**Your instructions**
Look through the listing below for the line with "新中式意境山水水墨畫背景墻" and the line with "Beige Mysore Crepe Saree". Copy both, along with every line between them, exactly and with no pictures.

**Data**
☆ ☆ ☆ ☆ ☆ ☆ ☆
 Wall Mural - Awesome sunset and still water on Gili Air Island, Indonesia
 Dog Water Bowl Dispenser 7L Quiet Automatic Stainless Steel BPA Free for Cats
☆ ☆ ☆ ☆ ☆ ☆ ☆
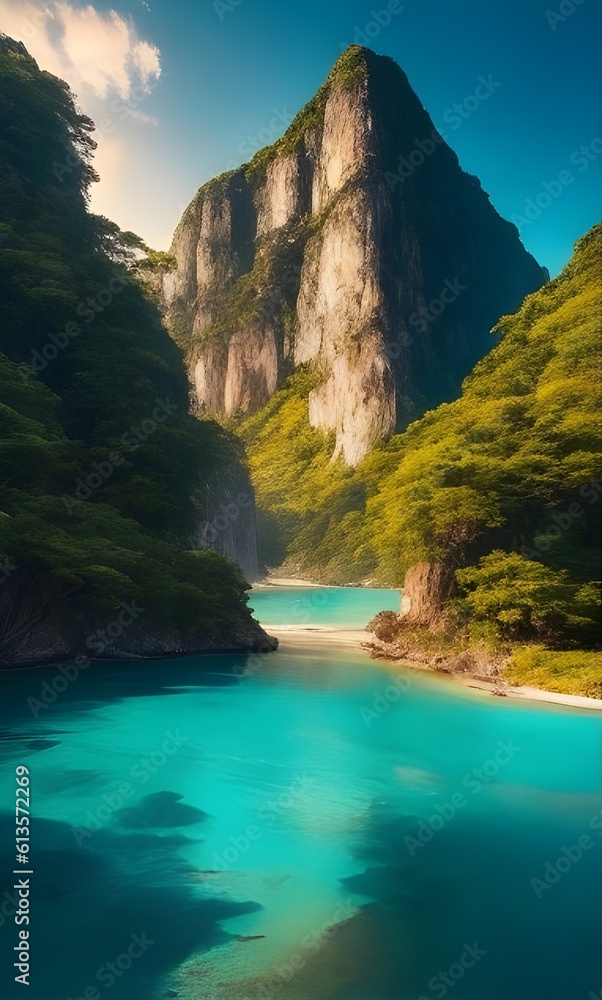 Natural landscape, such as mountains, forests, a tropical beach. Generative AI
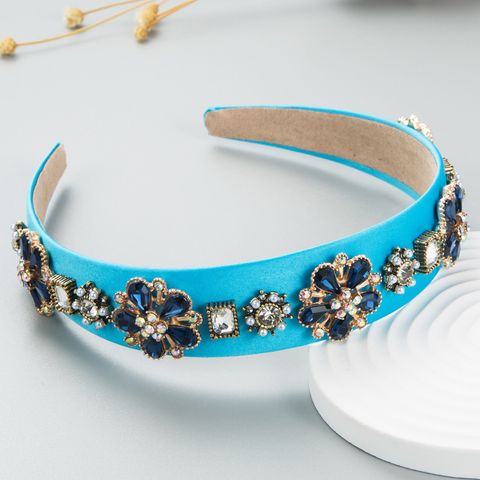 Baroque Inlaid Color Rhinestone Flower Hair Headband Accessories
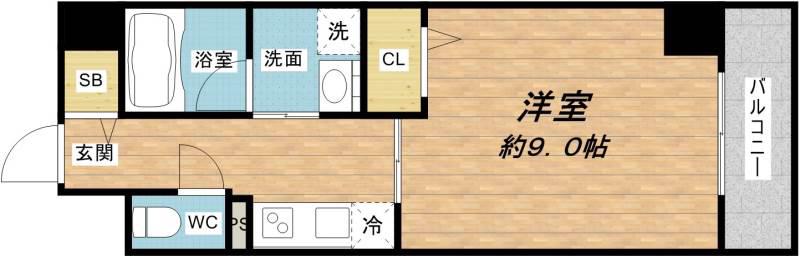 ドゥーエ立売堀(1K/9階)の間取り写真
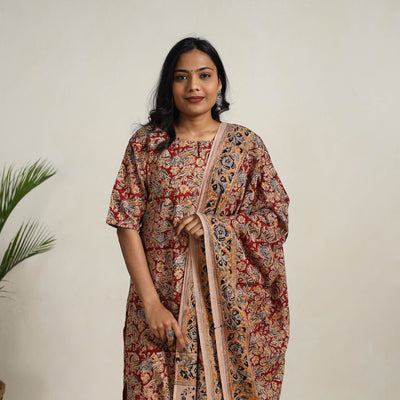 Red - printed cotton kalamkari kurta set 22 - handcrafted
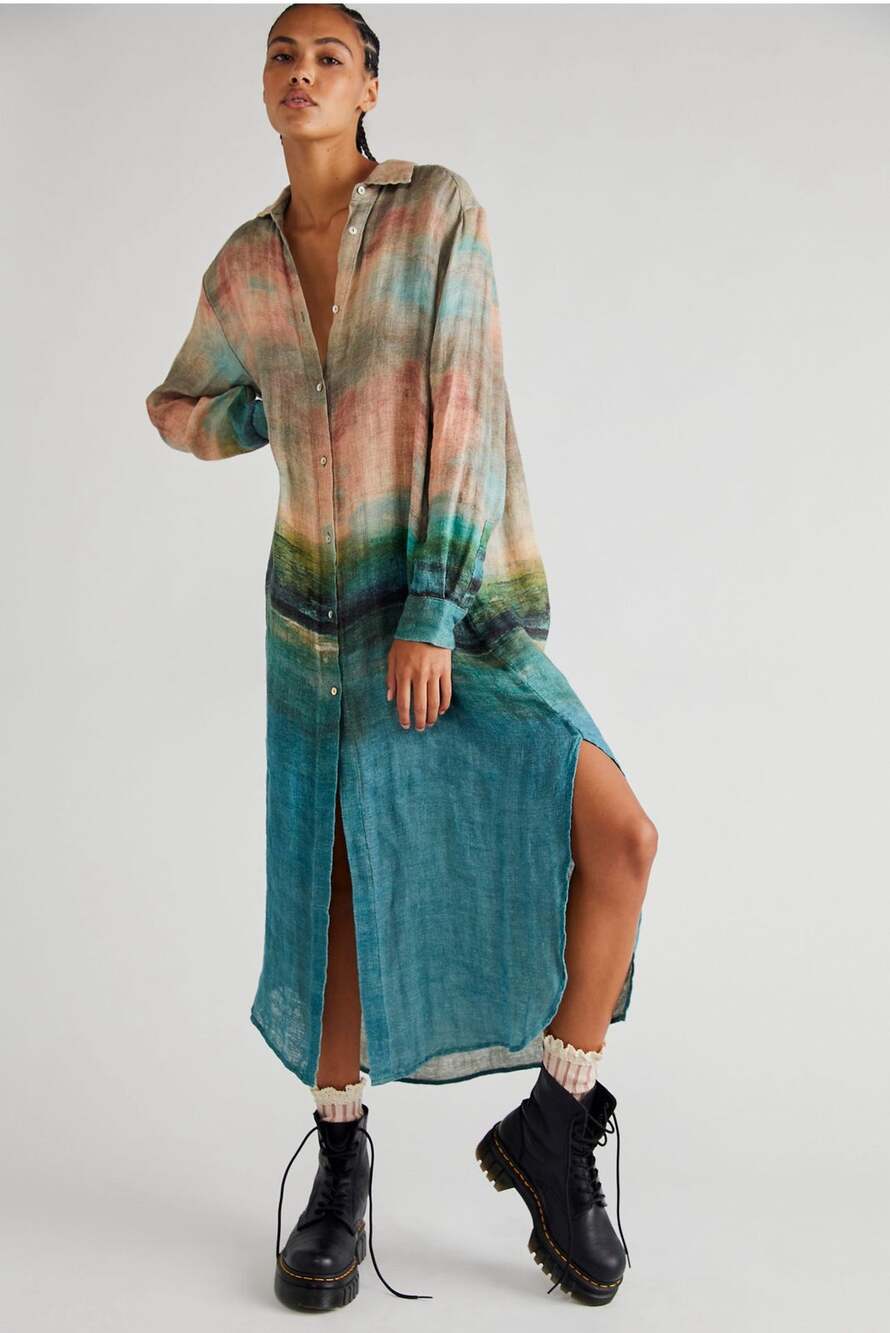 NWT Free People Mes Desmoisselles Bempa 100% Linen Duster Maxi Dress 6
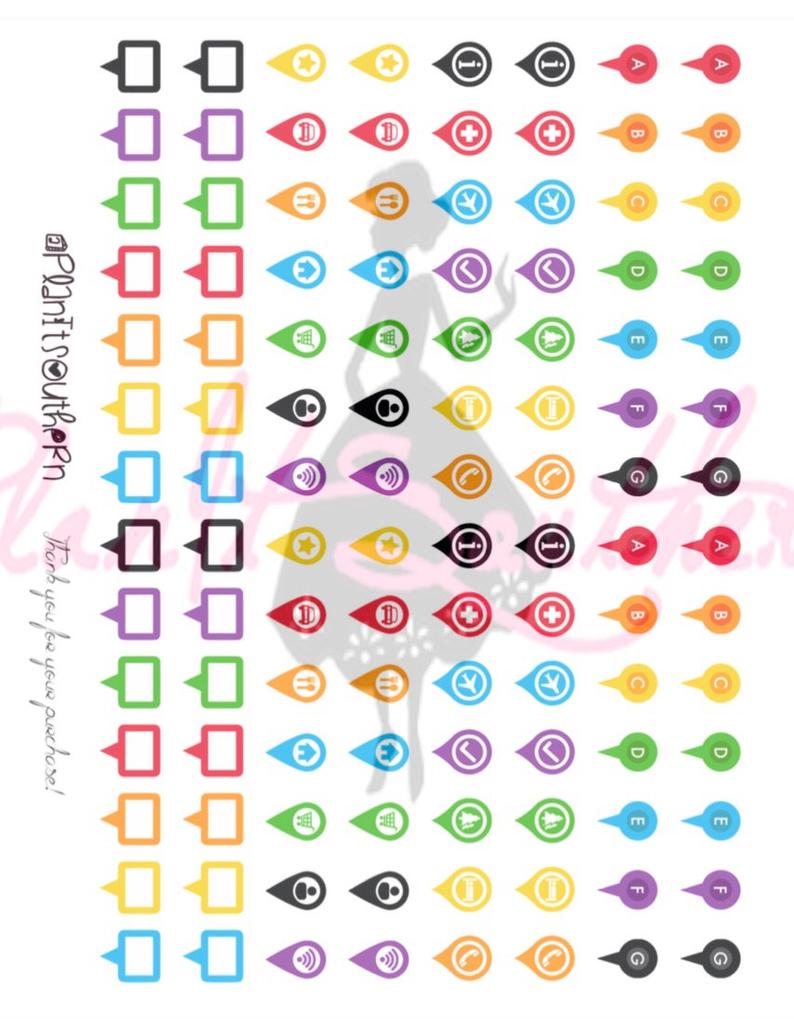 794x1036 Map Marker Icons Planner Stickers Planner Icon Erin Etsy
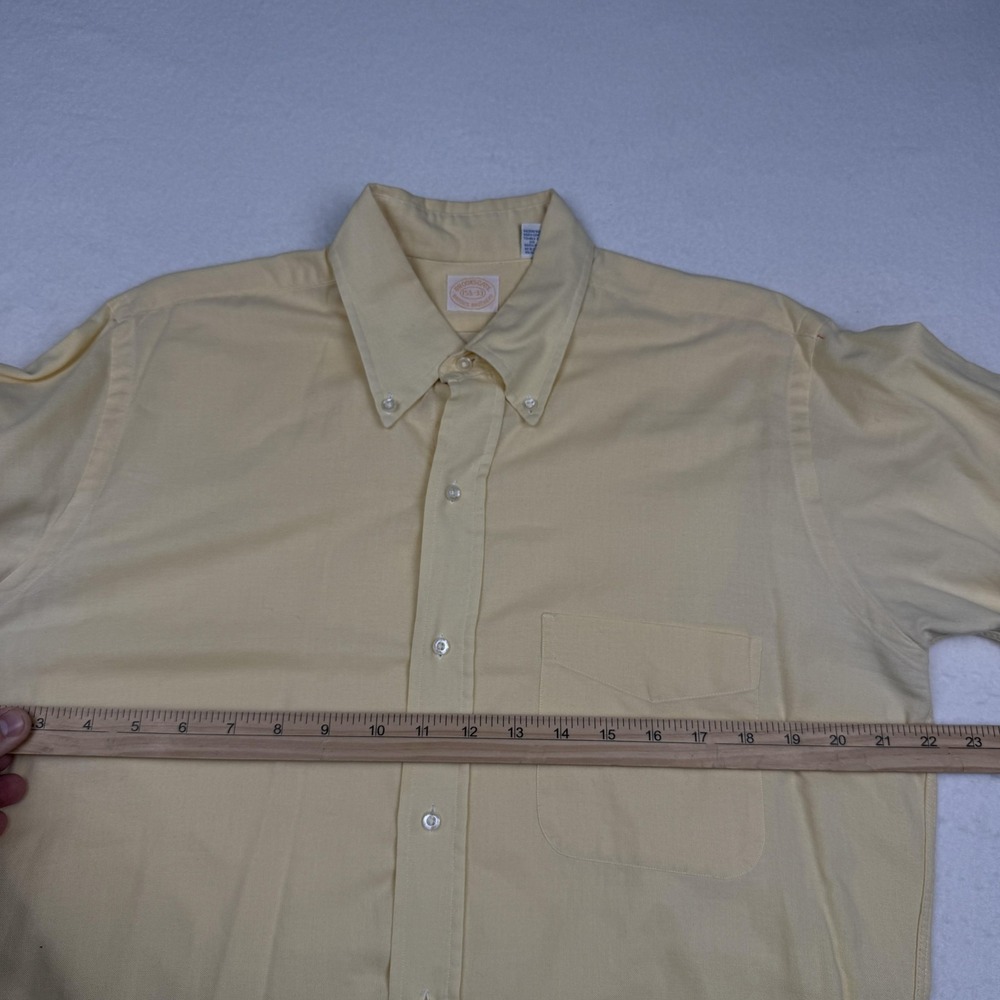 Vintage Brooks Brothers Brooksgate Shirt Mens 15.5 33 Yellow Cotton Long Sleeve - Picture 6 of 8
☆ ☆ ☆ ☆ ☆ ☆ ☆
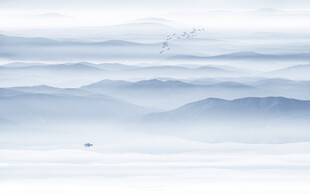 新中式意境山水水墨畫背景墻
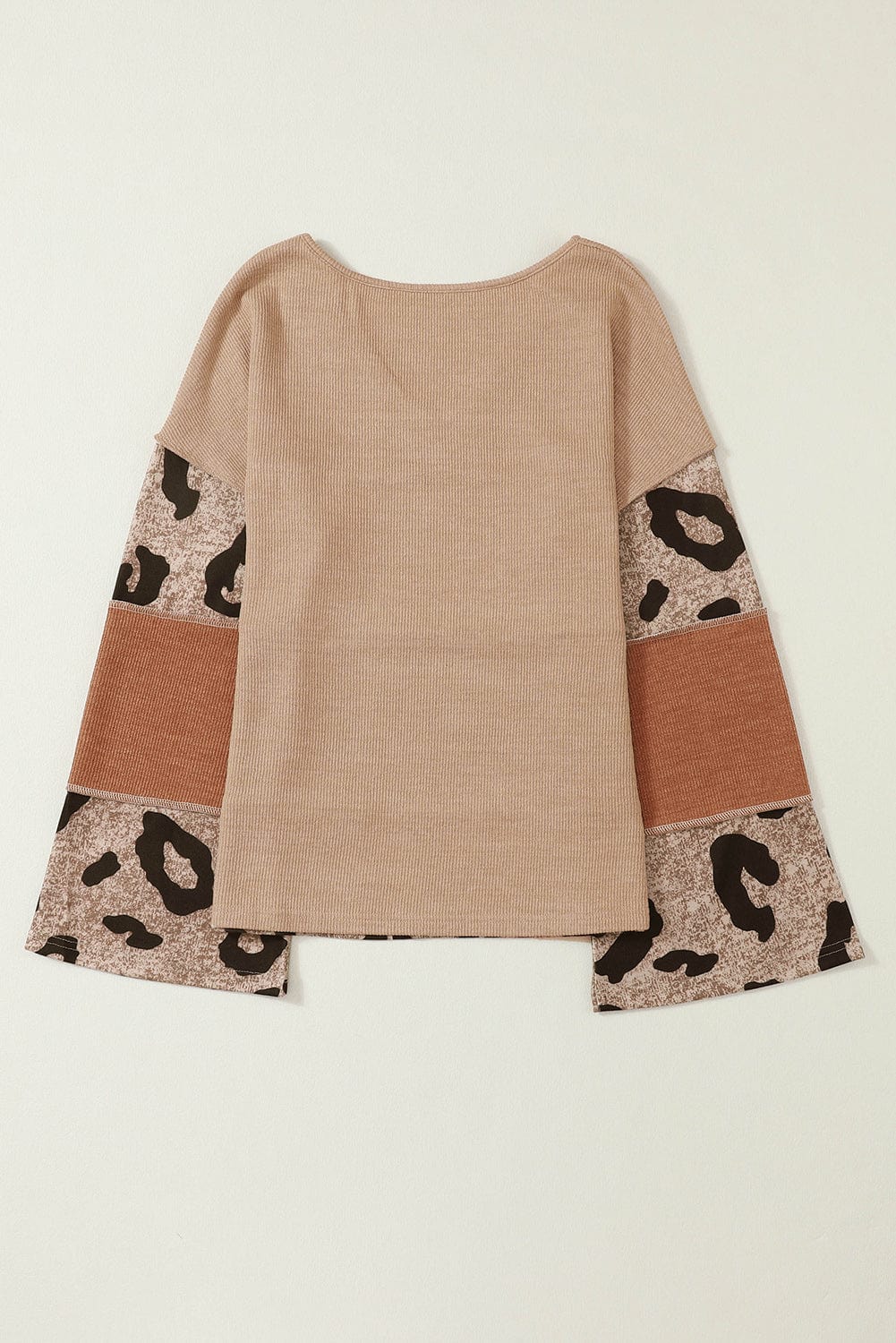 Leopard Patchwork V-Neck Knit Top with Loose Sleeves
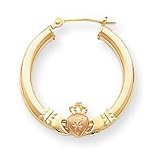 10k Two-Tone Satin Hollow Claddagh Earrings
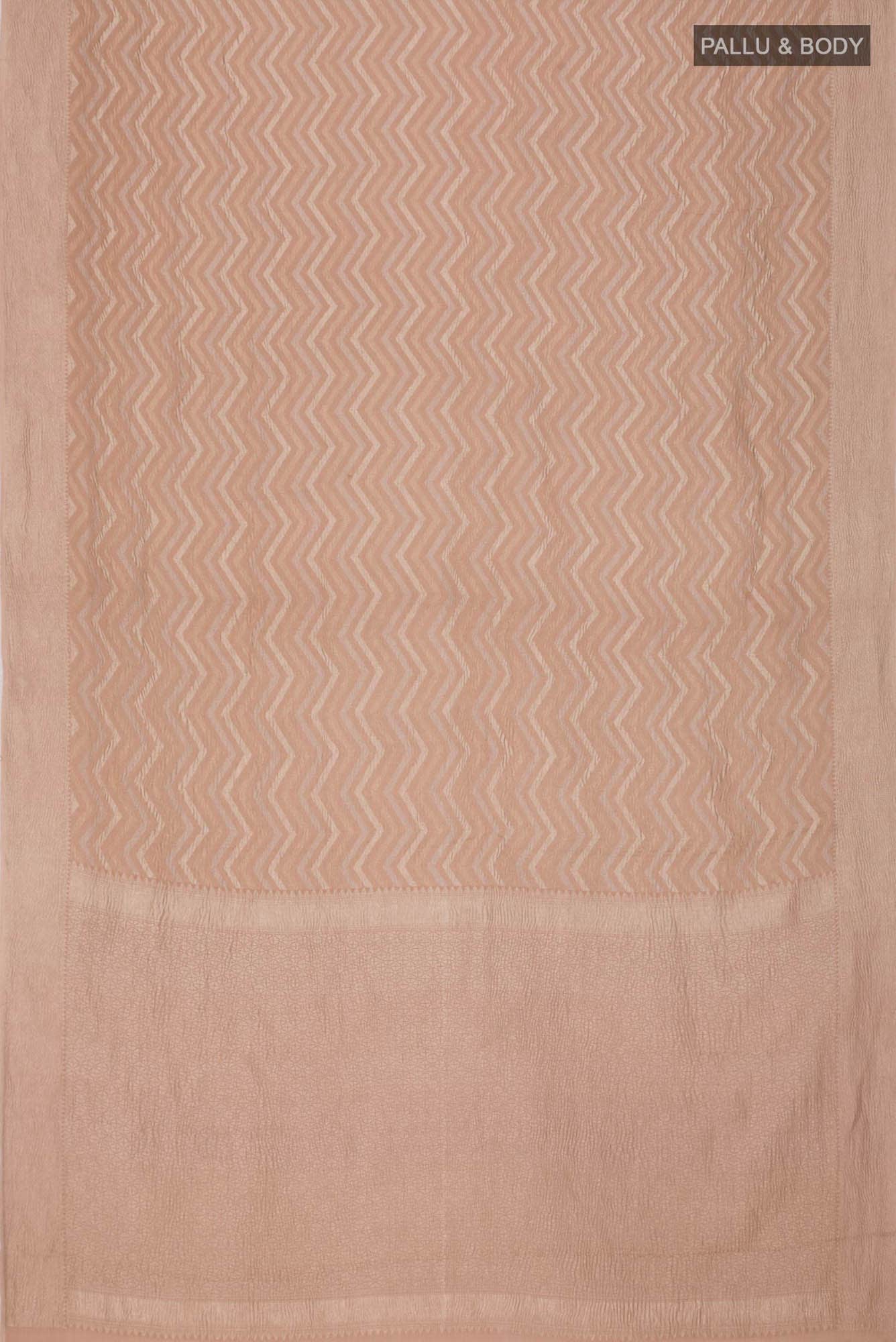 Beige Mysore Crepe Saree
☆ ☆ ☆ ☆ ☆ ☆ ☆
**Task answer**
 新中式意境山水水墨畫背景墻
 Leopard Patchwork V-Neck Knit Top with Loose Sleeves
 10k Two-Tone Satin Hollow Claddagh Earrings
 Beige Mysore Crepe Saree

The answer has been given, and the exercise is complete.